早速先生に同じ地域とテーマを表現するコンピュータ地図と手描き地図をそれぞれ1枚見せていただいたが、一瞥して手描き地図も印刷されたように描かれ、両者に大きな違いを発見できなかった。さらに読み比べたところ、黒白のモノトーンであっても記号を重ねることによる色の濃淡があり、情報量の多い場所がより重点的に表現される分、手描き地図の方が製図者の工夫が一目瞭然で、鮮明な彩色のコンピュータ地図に太刀打ちできるように思われた。
つまり、描き地図の製図者は自分の手で思いを込め、地図という作品で様々なコンセプトを読者に伝えられるうえ、読者の方も、情報だけでなく、一枚一枚の地図で微妙に異なる線の引き方や記号のデザインから、何か深層的な理解を得られるのではないだろうか。
コンピュータ地図と違い、手描き地図は伝えるものを創造する中で微妙な差異が出やすい。たとえば、空気の湿度により紙が丸まったり縮んだりして画図のずれが出ることがある。これを防ぐため、宮坂先生の工房では、いつも加湿器が稼働している。できる限りの対策をしている現場だが、万が一インクの染みや濃淡が生じた場合も、それは地図に人間味をもたせ、作図の現場を思い起こさせるような「面白い」変数ではないだろうか。

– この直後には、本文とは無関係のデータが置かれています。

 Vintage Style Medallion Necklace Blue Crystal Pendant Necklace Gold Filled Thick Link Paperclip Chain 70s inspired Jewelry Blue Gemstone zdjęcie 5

このように完璧な地図の作成をめざす中での工夫を紙に残すことが、手描き地図の「温かさ」であろう。この温かさあるからこそ、宮坂先生は大学時代から手描きを始め、40年を越えた今もこの仕事を続けているのである。
「真実」を記録する~何を描写するのか
コンピュータ地図が君臨する今の時代、手描き地図の需要は大きく減り、学術と教育が主な用途である。現在宮坂先生は、筑波大学の地域調査の中で実施される土地利用調査のための、長野県と茨城県を中心にした各地方の土地利用図の製図に主に力を注いでいる。学生の調査結果がより有意義になるように、調査研究の完成度をさらに高めるための手間を惜しまず地図を作成している。

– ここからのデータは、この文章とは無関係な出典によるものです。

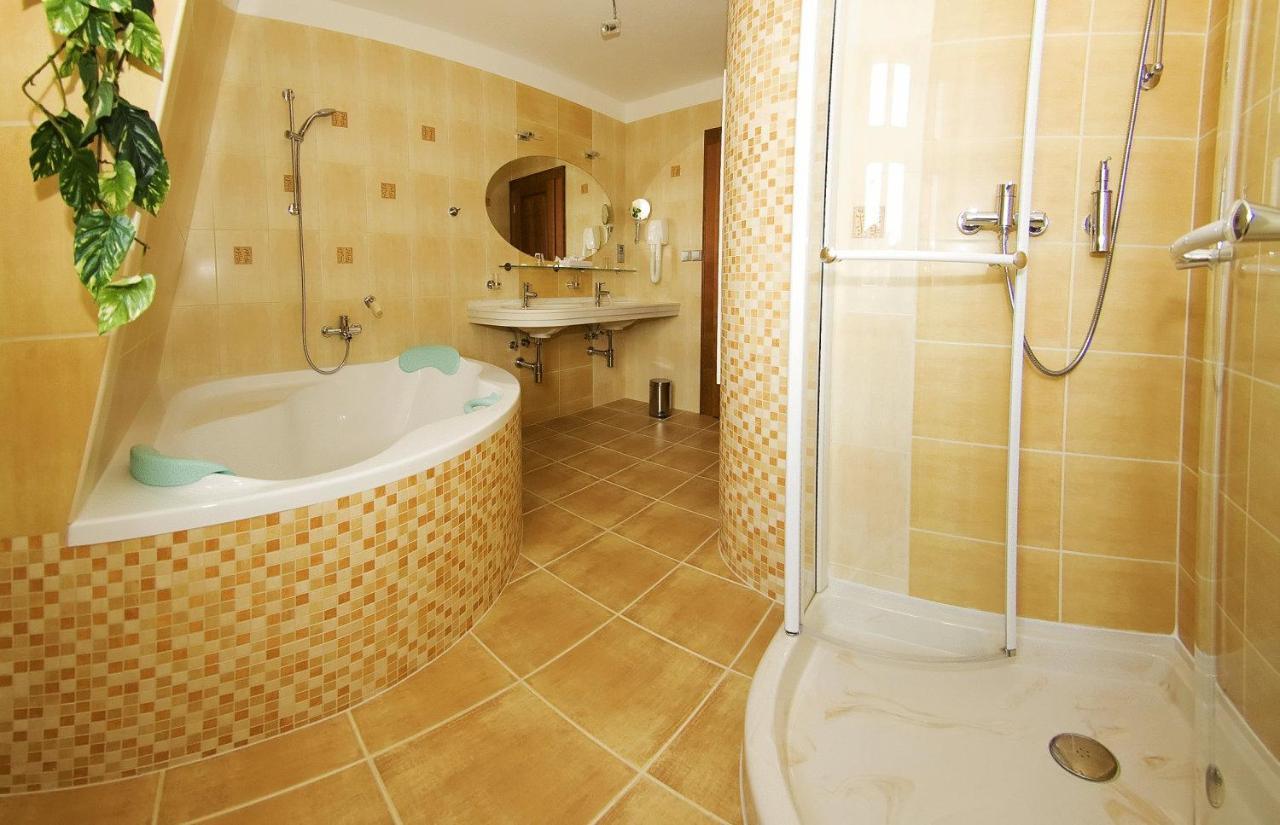 Hotel Ruze Karlovy Vary Kültér fotó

こういった学術研究用の「作品」を一枚一枚よく見ると、地域それぞれの特質が浮き上がり、地理学における極めて重要なキーワードである「地域性」を視覚的に読み取ることができる。一筆一筆、細かいところまで丁寧に描き上げ、地域の特徴をなるべく直観的に表現するという、手描き職人ならではの技である(写真1)。
写真1 土地利用図を製図中の宮坂先生
例えば工場が多い地域の場合には、従来のような黒ベタの描き方では地図が暗く重い感じになる恐れがある。宮坂先生はこのようなことを予想しつつ、描く前に各部分のデザインを考える。工業用地に使われる記号の太線の太さを変えたり、太線と細線の間隔を変えたりすれば強いと同時に少し柔らかい表現にもなり、地図全体のバランスを取ることができる。製図者のセンスにもよる小さい調整であっても、読者の不快感を少しだけ軽減し、読み取る効率を上げることができるので、手描き地図は常に柔軟かつ適正な表現力で地図の世界に独自の価値を与えている。
唯一無二のその場所の様子を地図の向こうに伝えようとする宮坂先生は、私達が生きているこの時代の「真実」を記録しているのであろう。
手描き地図を守り続ける ~何ができるのか
1990年代までそれほど珍しくなかった手描き地図は、より効率的なコンピュータを使った製図に押され、もはや残された芸術のようだ。現在の日本で、表立って活躍している職人は、ほぼ宮坂先生一人しかいないという。
そして、手描きはデジタル化の恩恵を受けながら存続している。コンピュータで多様な操作ができる衛星画像などを含むビッグデータを使い、より正確な手描き地図が作れるようになっている。一方、手描き地図もデータベースの一部になりデジタルの世界に貢献しつつある。2019年には、筑波大学地理学研究グループが、宮坂先生の土地利用図をセレクトして高精細画像を作成し、解説文も収録した作品集を出版、ホームページも立ち上げ、大切な資料と作品を時空間を超えて残すことができた。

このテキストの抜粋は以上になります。